Wie sieht es für Eigentumswohnungen und Einfamilienhäuser aus?
Generell haben wir bei den Hypotheken eine Beruhigung. Das Wachstum ist nicht mehr so hoch, noch etwa drei Prozent. Wir sehen bei den Einfamilienhäusern und bei den Eigentumswohnungen moderate Preisentwicklungen. Auch hier gibt es bestimmte Ungleichgewichte, aber die Dynamik ist nicht sonderlich anders, als in den letzten Jahren.
Wenn nun ein neuer, grosser Player wie die Postfinance in den Hypothekenmarkt eintreten würde, so wie es der Bundesrat vorschlägt: Wie würde sich das auswirken?

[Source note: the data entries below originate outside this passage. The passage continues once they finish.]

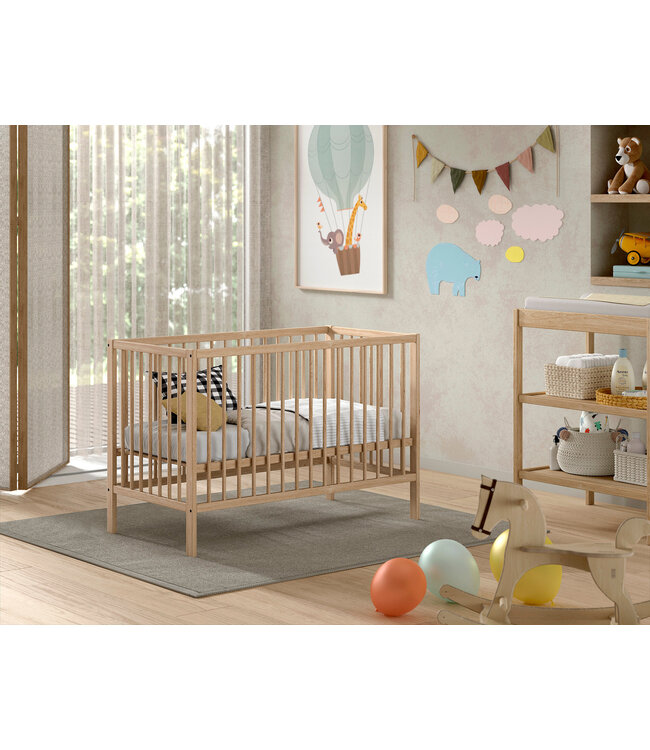 JAXX Jaxx - Dino Babybed 60X120 Natuur (Lattenbodem Inbegrepen)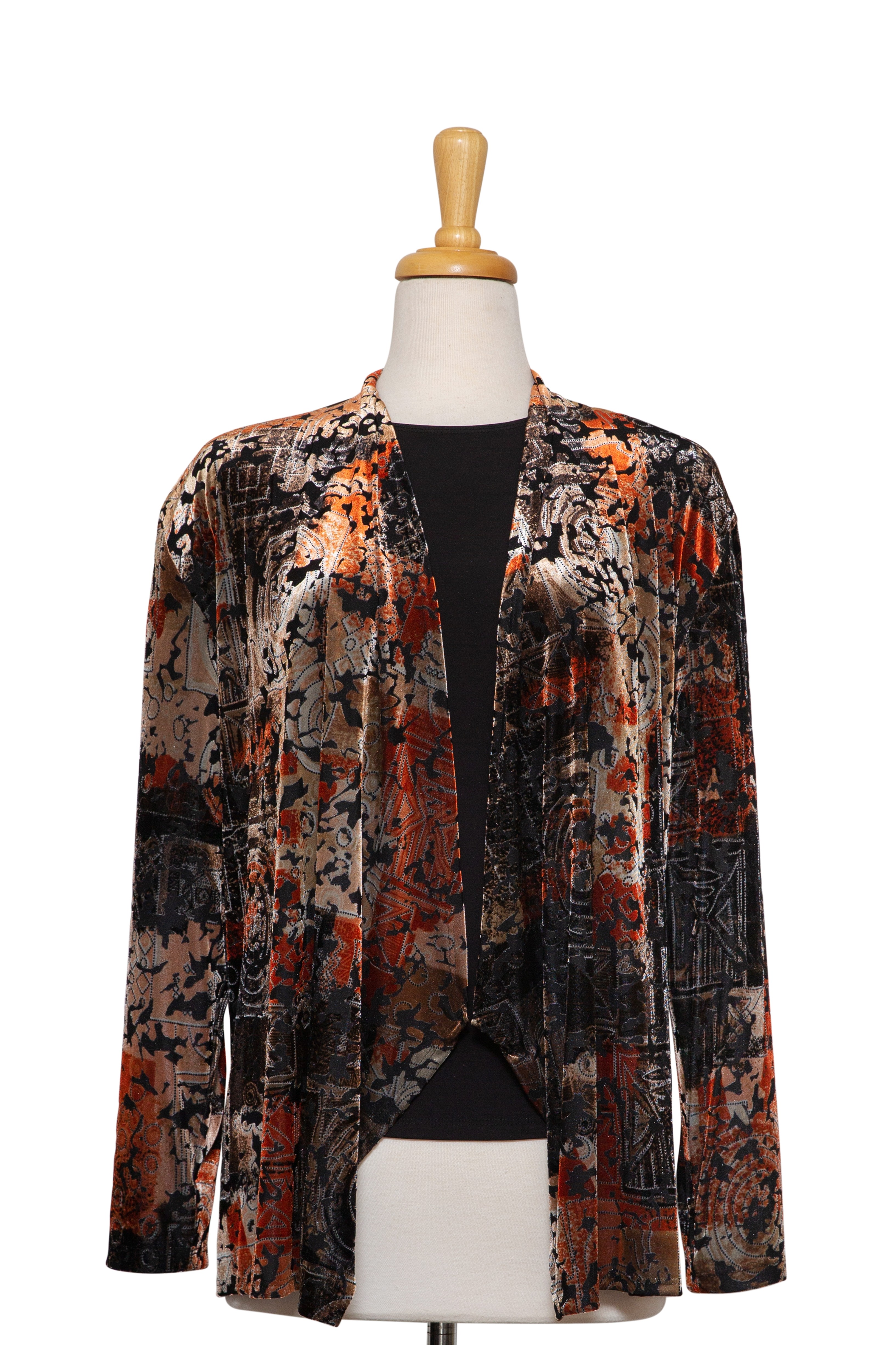  Two Piece Rust, Black and Taupe Cut Velvet Shawl Collar Jacket With Black Long Sleeve Microfiber Top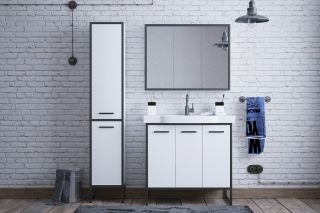 Тумба под раковину Corozo Айрон с корзиной 90см белый/чёрный SD-00000412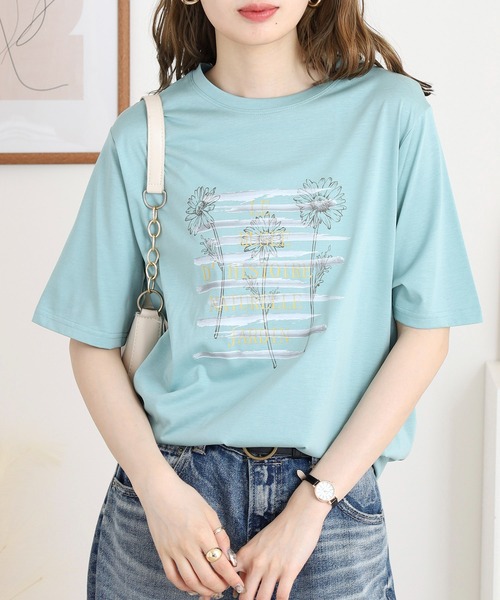 BRODIAEA(ブローディア)の「BRODIAEA かすれプリント半袖Tシャツ(Tシャツ/カットソー・レディース・ブラック/オフホワイト/ライトグリーン/シルバーグレー・40)」の10枚目の写真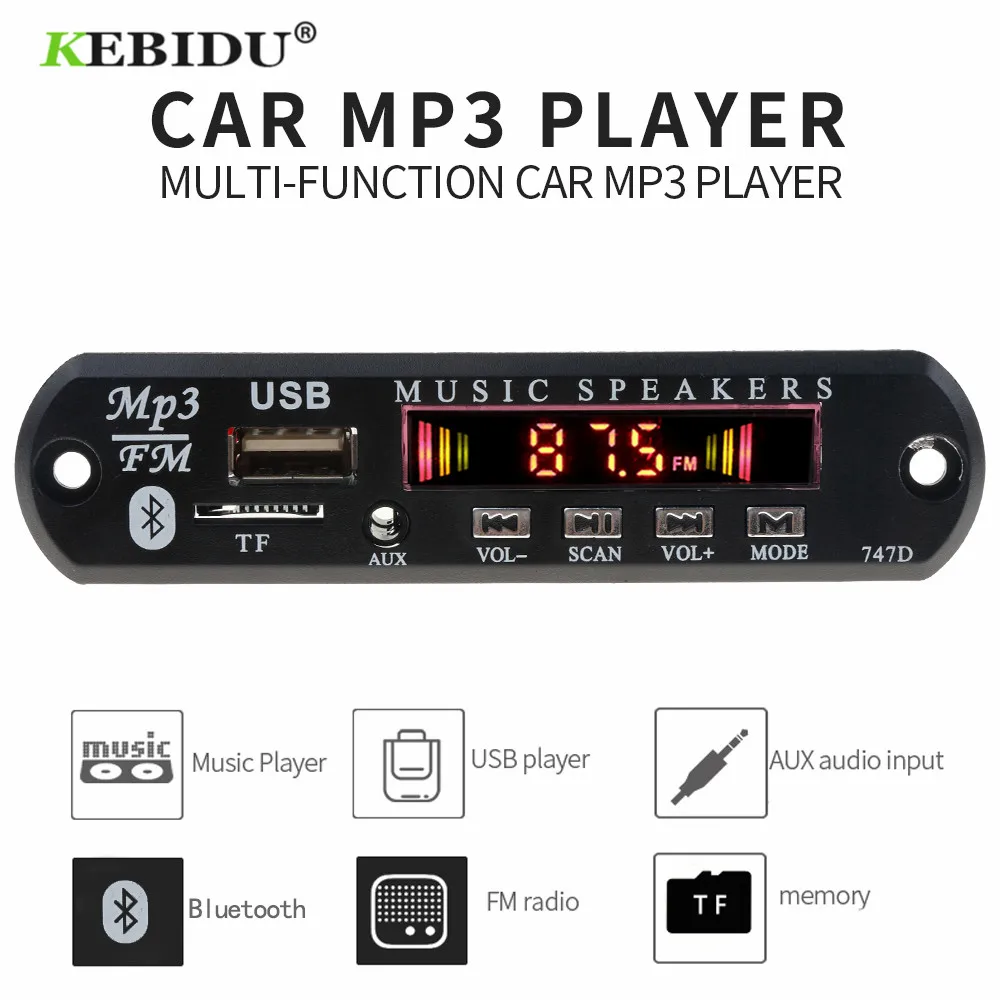Bluetooth приемник KEBIDU mp3 плеер декодер плата FM радио TF USB 3 5 мм AUX аудио модуль для IPhone 8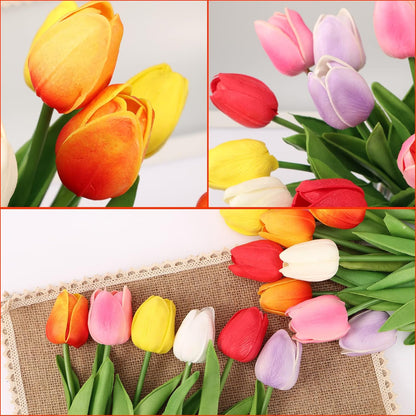 30pcs Real Touch Tulips PU Artificial Flowers, Fake Tulips Flowers for Arrangement Wedding Party Easter Spring Home Dining Room Office Decoration. (White)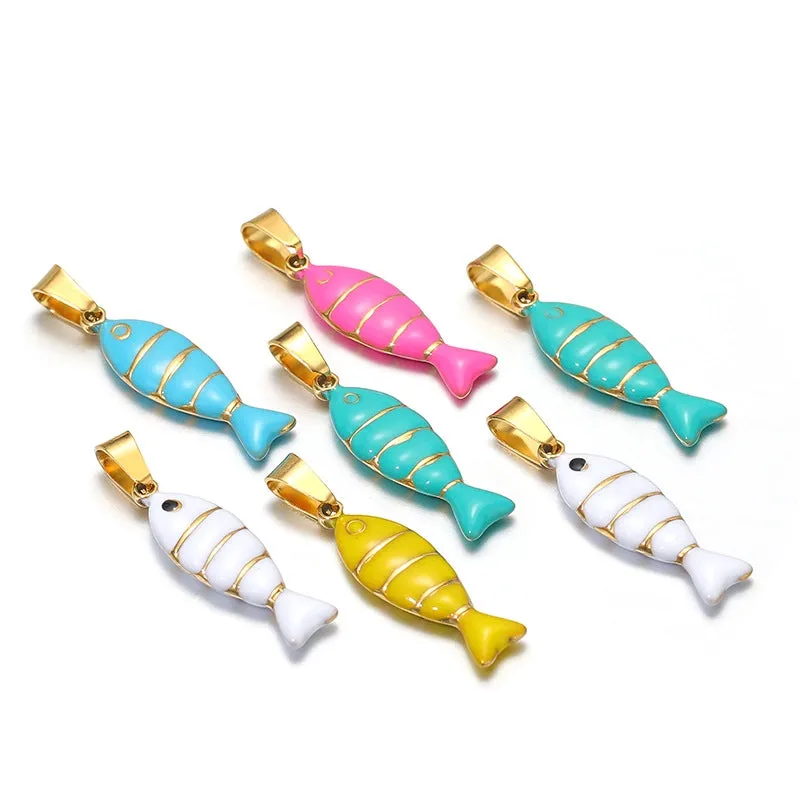 5 PCS/Package Resin Fish Pendant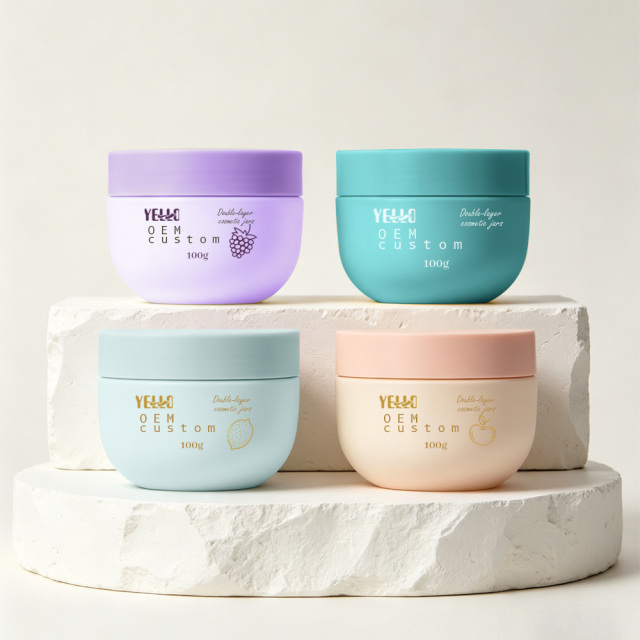 Wholesale OEM CUSTOM Plastic PET Empty Solid Cosmetic Jars with Lids for Eye Face Cream Body Butter Hair Conditioner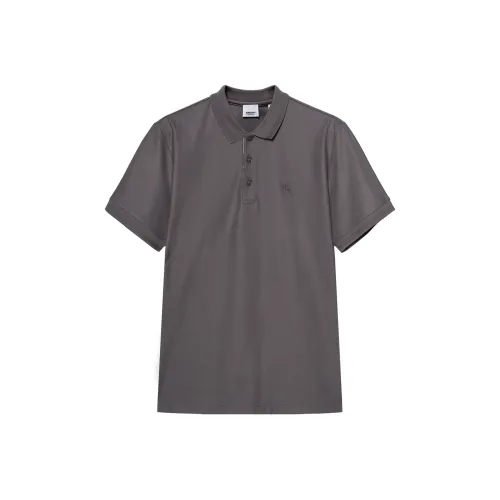 Burberry Logo Embroidered Men's Polo Shirt Dark Grey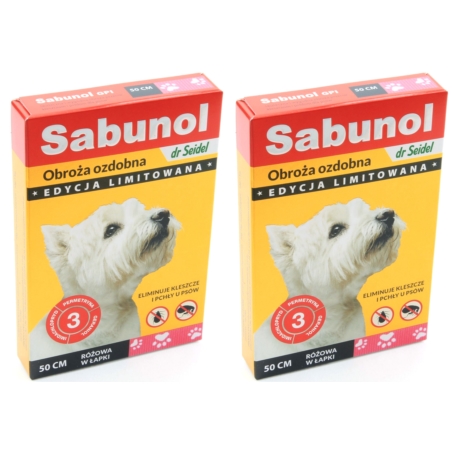 Sabunol obroża dla psa Ozdobna Różowa w łapki 2x50cm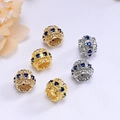 Gold and silver 10mm flower lace beads with blue crystals for DIY jewelry bracelets - Blue Zirconia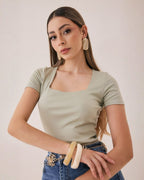 Playera Cuello Cuadrado Manga Corta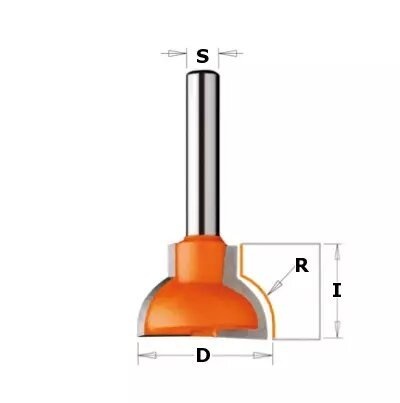 Фреза для переплёта дверных створок S-8 мм, (D)x25 (I)x19 (L)x50.8 мм, (Z)2, R10 мм CMT 955.307.11M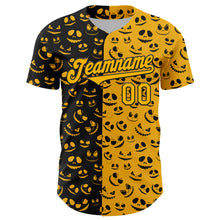 Laden Sie das Bild in den Galerie-Viewer, Custom Gold Black 3D Pattern Design Rave Halloween Pumpkin Authentic Baseball Jersey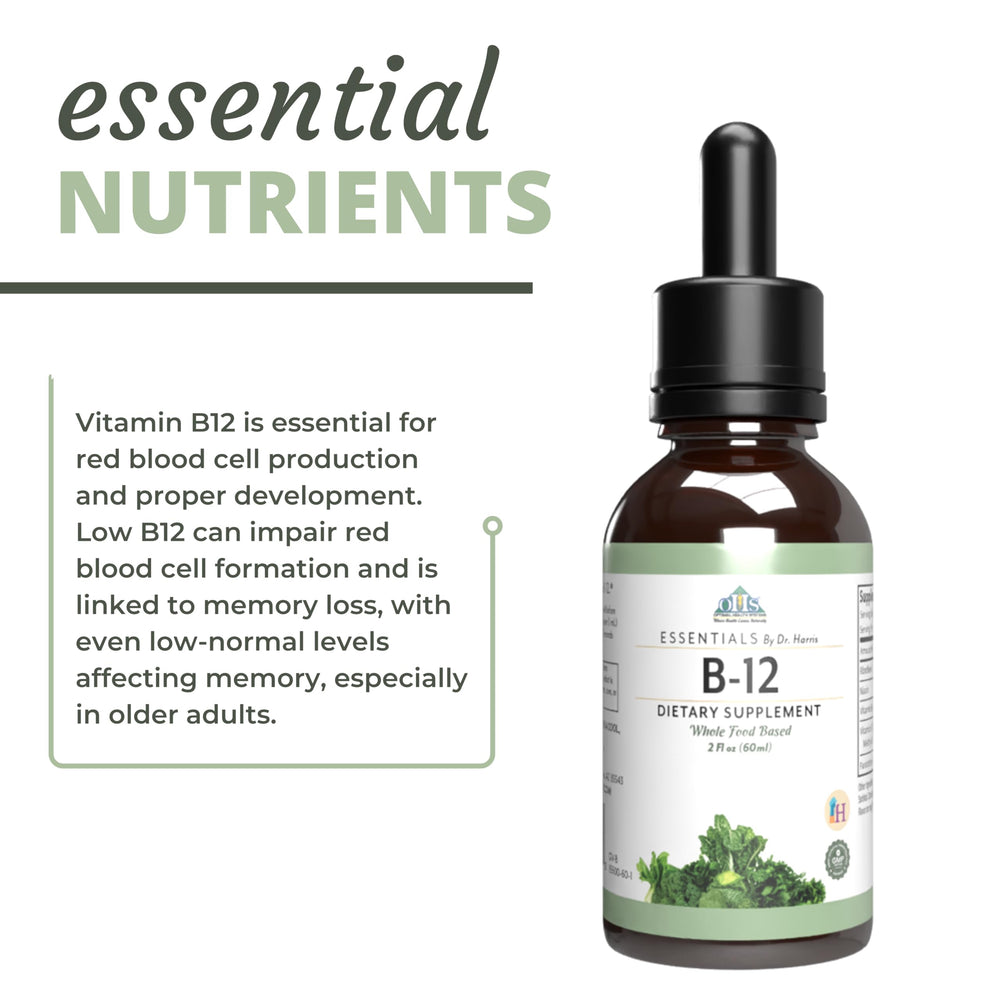 Optimal Health Systems Essential B-12 Drops glass dropper close-up for precise dosing
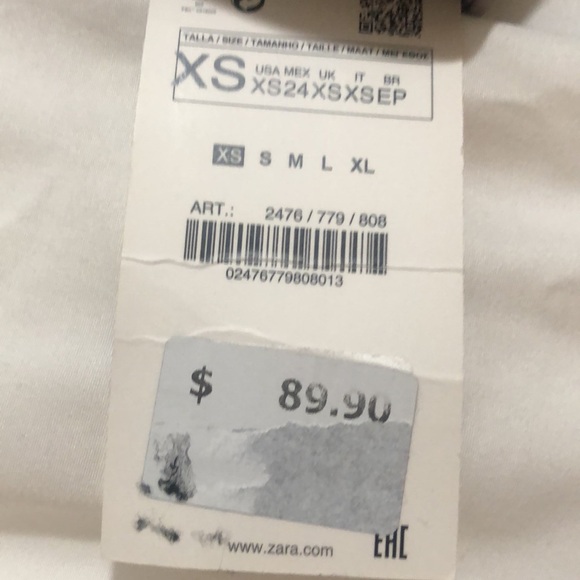 Zara grey metallic sheen satin asymmetrical hem line midi skirt - Picture 3 of 7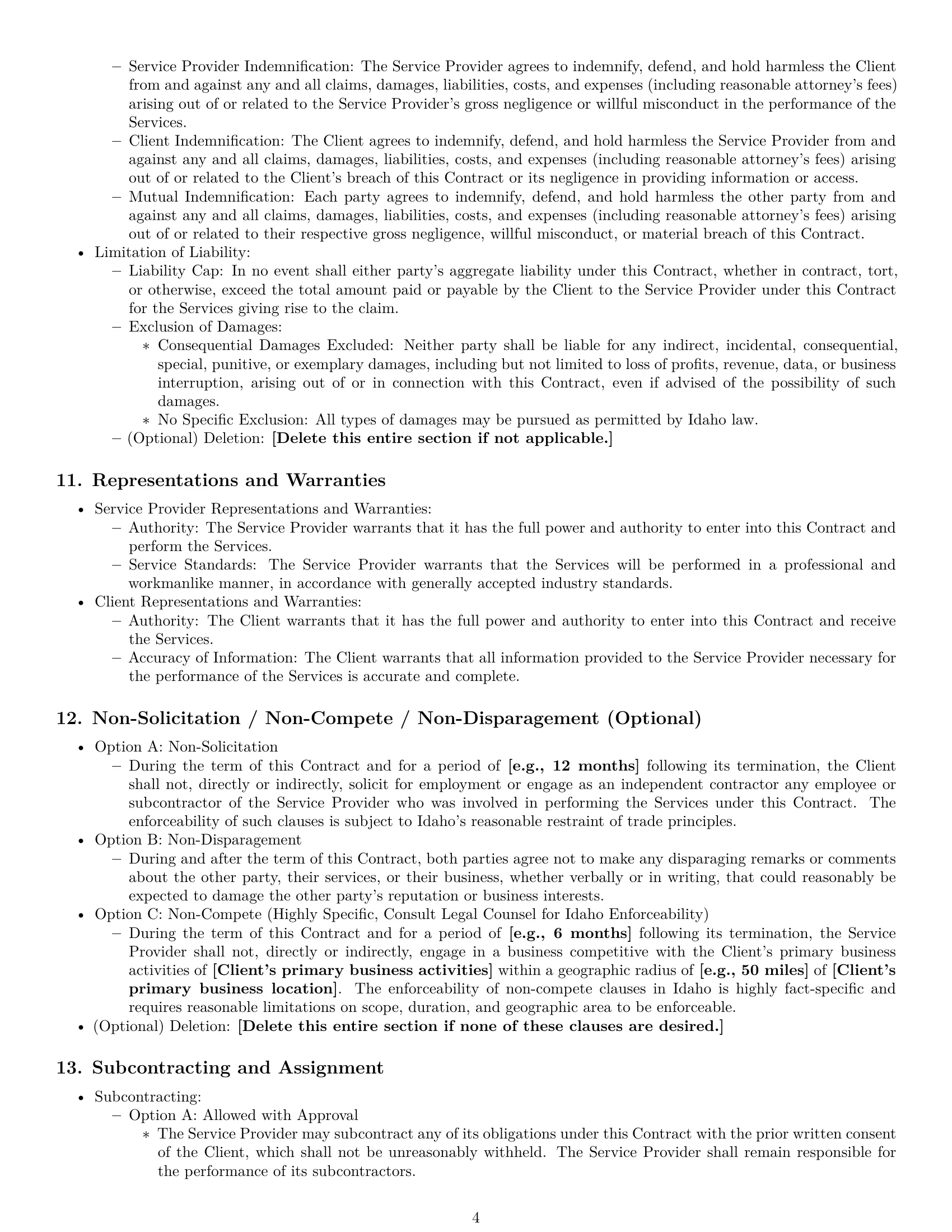 Preview page 4 of Pro Idaho service contract template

Wir sind ja in einer Situation, in der wir genügend Versorgung mit Hypotheken haben. Gleichzeitig haben wir ein hohes Preisniveau bei den Immobilien. Das heisst, ein Eintritt einer grossen Bank muss sehr vorsichtig erfolgen, so dass die Risiken bezüglich der Finanzstabilität nicht unnötig erhöht werden.
Wie beurteilen Sie die Lage der Schweizer Wirtschaft?
Sie ist eigentlich ziemlich gut. Wir haben ein sehr starkes Wachstum im ersten Halbjahr 2018 gesehen. Allerdings ist dieses etwas überzogen, weil wir sehr grosse Einnahmen hatten bei den internationalen Sportverbänden aufgrund von grossen internationalen Events. Jetzt gehen wir von einer Beruhigung für das zweite Halbjahr 2018 aus.
Und wie lange müssen wir noch mit Negativzinsen leben?
Die bleiben sicher noch eine Zeit lang, denn sie sind notwendig. Wir haben einen starken Franken, und wir benötigen die Negativzinsen, um unsere expansive Geldpolitik fortzuführen. Wir haben keine Risiken einer Überhitzung, und bei der Inflation gibt es keinen Anstieg – das sieht man auch, wenn man unsere Prognose anschaut. Es ist zudem wichtig, dass wir nicht zu früh restriktiv werden, um die gute Entwicklung der Schweizer Wirtschaft weiterhin zu unterstützen.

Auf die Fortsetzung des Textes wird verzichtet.